YOUR INSTRUCTIONS: When you find the line with "Take Two Beige" among the records below, reproduce it and each line after it exactly, ending with the line with "Tondeuse 53 cm".
┄┄┄┄┄┄┄┄┄┄┄┄┄┄┄┄┄┄┄┄
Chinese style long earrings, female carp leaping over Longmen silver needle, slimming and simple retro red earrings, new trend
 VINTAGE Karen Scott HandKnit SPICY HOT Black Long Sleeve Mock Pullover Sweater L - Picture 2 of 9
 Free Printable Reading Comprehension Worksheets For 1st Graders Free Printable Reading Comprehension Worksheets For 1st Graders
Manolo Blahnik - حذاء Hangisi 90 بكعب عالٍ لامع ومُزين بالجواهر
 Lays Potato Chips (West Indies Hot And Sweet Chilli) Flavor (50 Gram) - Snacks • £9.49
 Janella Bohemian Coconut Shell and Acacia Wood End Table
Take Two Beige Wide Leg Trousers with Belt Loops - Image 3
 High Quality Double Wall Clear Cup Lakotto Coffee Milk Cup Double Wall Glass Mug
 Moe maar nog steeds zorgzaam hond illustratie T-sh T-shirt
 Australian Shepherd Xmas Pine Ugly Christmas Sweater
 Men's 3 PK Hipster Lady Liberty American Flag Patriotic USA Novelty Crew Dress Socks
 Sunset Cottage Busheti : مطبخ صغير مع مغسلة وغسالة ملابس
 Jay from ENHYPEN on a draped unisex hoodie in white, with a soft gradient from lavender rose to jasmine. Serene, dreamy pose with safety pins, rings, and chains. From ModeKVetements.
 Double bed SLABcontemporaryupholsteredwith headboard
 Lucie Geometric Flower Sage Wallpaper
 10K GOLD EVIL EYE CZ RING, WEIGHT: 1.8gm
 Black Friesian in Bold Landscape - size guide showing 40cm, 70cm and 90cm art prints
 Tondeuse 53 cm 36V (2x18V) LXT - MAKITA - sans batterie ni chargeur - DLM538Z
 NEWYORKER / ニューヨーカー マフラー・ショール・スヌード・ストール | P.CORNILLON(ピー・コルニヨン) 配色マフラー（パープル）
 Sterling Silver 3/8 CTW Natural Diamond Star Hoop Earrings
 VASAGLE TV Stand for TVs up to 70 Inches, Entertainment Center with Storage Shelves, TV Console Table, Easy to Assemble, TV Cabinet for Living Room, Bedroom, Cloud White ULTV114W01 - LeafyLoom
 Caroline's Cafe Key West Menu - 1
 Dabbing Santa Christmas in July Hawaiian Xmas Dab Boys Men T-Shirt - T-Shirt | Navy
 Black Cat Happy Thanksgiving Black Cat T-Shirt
┄┄┄┄┄┄┄┄┄┄┄┄┄┄┄┄┄┄┄┄
RESPONSE FOR THIS EXERCISE:
Take Two Beige Wide Leg Trousers with Belt Loops - Image 3
 High Quality Double Wall Clear Cup Lakotto Coffee Milk Cup Double Wall Glass Mug
 Moe maar nog steeds zorgzaam hond illustratie T-sh T-shirt
 Australian Shepherd Xmas Pine Ugly Christmas Sweater
 Men's 3 PK Hipster Lady Liberty American Flag Patriotic USA Novelty Crew Dress Socks
 Sunset Cottage Busheti : مطبخ صغير مع مغسلة وغسالة ملابس
 Jay from ENHYPEN on a draped unisex hoodie in white, with a soft gradient from lavender rose to jasmine. Serene, dreamy pose with safety pins, rings, and chains. From ModeKVetements.
 Double bed SLABcontemporaryupholsteredwith headboard
 Lucie Geometric Flower Sage Wallpaper
 10K GOLD EVIL EYE CZ RING, WEIGHT: 1.8gm
 Black Friesian in Bold Landscape - size guide showing 40cm, 70cm and 90cm art prints
 Tondeuse 53 cm 36V (2x18V) LXT - MAKITA - sans batterie ni chargeur - DLM538Z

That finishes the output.